Cryptocurrency firms, led by FTX, exploded into the mainstream in the past couple of years, pitching their products in extensive advertising campaigns as stable and safe investments. Unlike traditional banks and brokerages, which are limited in what they can say, the crypto firms aren’t subject to the same rules.
“These companies are all giving the impression of banklike security,” said Joshua Fairfield, a professor at Washington & Lee University Law School in Virginia who specializes in technology issues. “These companies want to have customer trust but with none of the responsibility that comes with a regulated financial entity.

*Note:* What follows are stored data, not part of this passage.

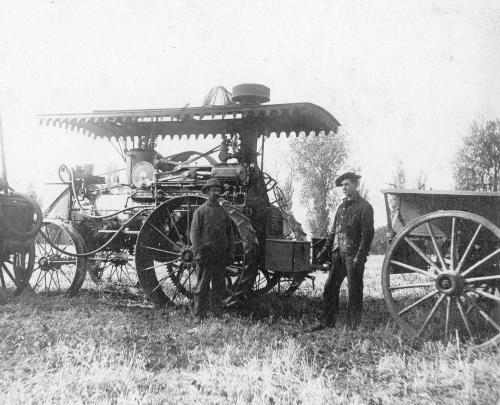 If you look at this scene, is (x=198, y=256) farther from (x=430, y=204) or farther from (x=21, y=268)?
(x=21, y=268)

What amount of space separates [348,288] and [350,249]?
454 mm

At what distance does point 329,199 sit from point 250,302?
2331 centimetres

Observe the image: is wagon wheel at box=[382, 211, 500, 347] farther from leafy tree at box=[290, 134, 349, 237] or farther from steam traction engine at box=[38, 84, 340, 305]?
leafy tree at box=[290, 134, 349, 237]

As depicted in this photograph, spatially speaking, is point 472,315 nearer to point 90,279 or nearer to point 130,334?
point 130,334

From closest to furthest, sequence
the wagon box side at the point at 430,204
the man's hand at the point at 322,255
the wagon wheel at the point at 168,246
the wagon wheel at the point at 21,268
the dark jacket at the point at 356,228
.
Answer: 1. the wagon box side at the point at 430,204
2. the dark jacket at the point at 356,228
3. the wagon wheel at the point at 168,246
4. the man's hand at the point at 322,255
5. the wagon wheel at the point at 21,268

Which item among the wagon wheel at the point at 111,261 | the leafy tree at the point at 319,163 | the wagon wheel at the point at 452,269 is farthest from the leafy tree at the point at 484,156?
the leafy tree at the point at 319,163

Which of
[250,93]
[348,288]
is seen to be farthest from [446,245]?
[250,93]

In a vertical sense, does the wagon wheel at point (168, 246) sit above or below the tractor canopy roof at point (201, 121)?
below

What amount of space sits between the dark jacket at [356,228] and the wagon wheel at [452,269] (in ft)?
1.25

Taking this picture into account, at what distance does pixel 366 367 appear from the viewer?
4176 mm

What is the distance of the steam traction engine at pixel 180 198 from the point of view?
6496mm

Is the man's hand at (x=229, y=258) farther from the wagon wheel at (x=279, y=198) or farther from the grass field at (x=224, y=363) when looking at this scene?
the wagon wheel at (x=279, y=198)

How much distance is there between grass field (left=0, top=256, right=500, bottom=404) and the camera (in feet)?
11.2

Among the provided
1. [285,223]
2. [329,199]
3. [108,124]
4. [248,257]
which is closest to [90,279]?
[108,124] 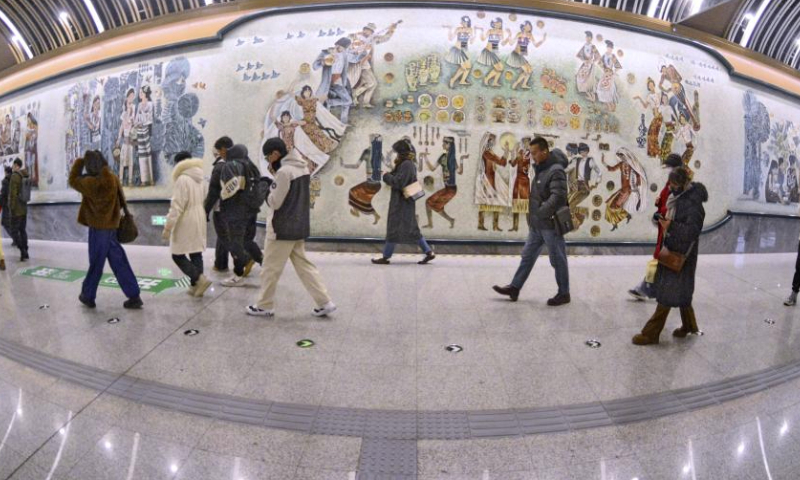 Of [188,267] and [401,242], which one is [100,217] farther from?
[401,242]

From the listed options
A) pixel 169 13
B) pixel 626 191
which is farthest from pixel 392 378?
pixel 169 13

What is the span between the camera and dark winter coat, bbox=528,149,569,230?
401 centimetres

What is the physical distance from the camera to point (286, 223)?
11.3ft

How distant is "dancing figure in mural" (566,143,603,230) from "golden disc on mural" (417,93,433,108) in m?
2.80

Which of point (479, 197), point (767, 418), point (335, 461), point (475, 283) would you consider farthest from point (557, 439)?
point (479, 197)

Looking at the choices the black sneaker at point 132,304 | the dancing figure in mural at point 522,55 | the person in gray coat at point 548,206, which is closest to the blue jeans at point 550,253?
the person in gray coat at point 548,206

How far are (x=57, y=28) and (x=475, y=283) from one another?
33.6 feet

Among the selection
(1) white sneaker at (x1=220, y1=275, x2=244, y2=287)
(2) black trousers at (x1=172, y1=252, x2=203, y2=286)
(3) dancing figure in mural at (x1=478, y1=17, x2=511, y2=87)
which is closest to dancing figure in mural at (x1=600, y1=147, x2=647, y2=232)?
(3) dancing figure in mural at (x1=478, y1=17, x2=511, y2=87)

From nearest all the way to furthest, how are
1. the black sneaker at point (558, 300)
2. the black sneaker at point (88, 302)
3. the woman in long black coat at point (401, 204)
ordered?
the black sneaker at point (88, 302) < the black sneaker at point (558, 300) < the woman in long black coat at point (401, 204)

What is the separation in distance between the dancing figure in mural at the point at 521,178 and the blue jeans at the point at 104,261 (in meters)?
5.85

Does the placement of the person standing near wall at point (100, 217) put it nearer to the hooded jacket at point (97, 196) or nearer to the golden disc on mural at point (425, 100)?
the hooded jacket at point (97, 196)

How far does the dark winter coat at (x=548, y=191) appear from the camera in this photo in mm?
4008

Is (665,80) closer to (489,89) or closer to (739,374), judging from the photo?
(489,89)

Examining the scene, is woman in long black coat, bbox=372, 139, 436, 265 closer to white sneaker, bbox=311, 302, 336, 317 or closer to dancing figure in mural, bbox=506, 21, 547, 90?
white sneaker, bbox=311, 302, 336, 317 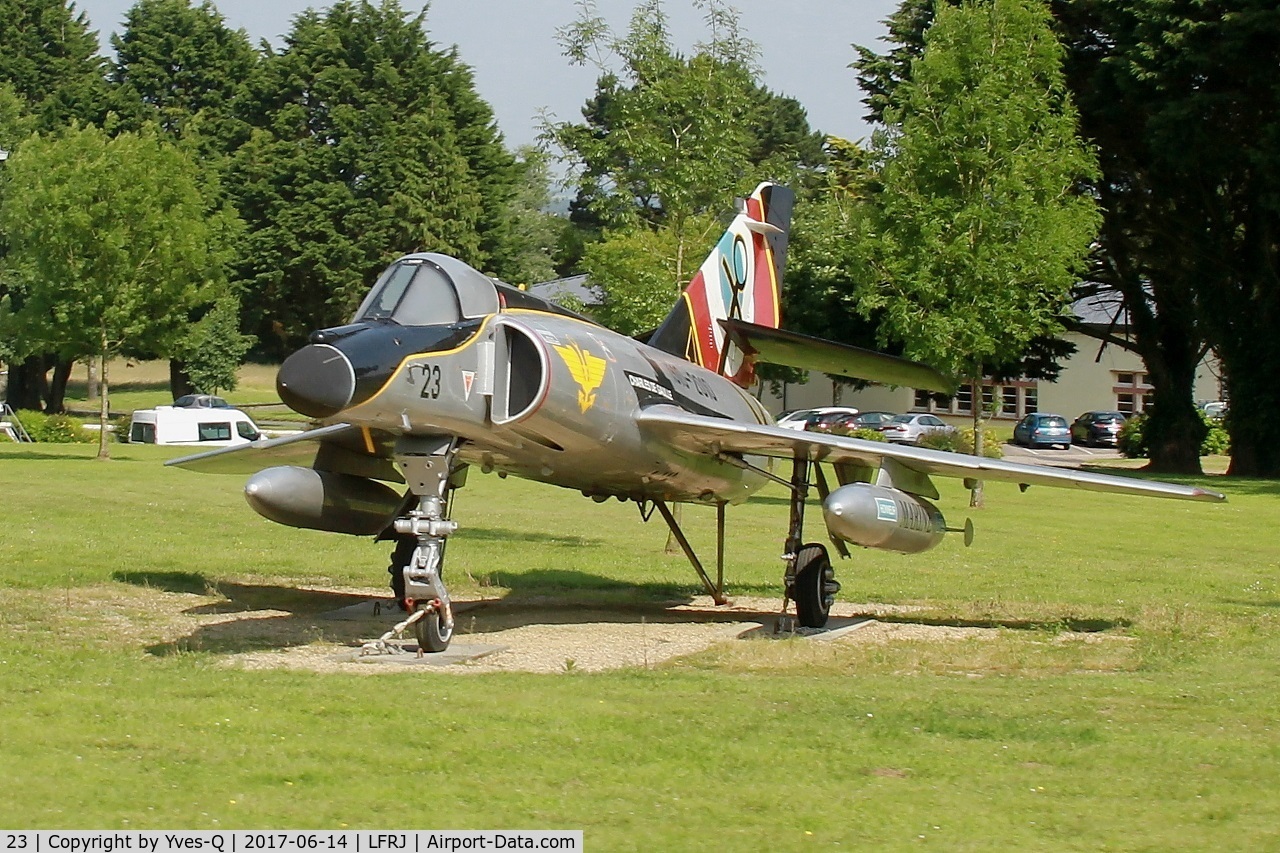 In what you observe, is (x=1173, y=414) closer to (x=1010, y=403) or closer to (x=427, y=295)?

And that just doesn’t work.”
Moreover, when a bank or brokerage fails, there are government-guaranteed funds to ensure that investors generally get their money back. The cryptocurrency industry, for the most part, has no such guardrails. And with the companies in bankruptcy and the value of some crypto assets uncertain, ordinary customers stand at the end of a long line when it comes to getting their money back, behind the large trading firms and lenders.
Butkus said he had invested with BlockFi even though he knew the accounts weren’t insured. Under BlockFi’s offering, he lent it his $600,000 for six months, in return for a 6.5% yield. BlockFi converted that money into a digital asset that it used to conduct its cryptocurrency trading business.
When BlockFi’s marketing materials and sales agents said his investment was safe and redeemable at any time, he took them at their word.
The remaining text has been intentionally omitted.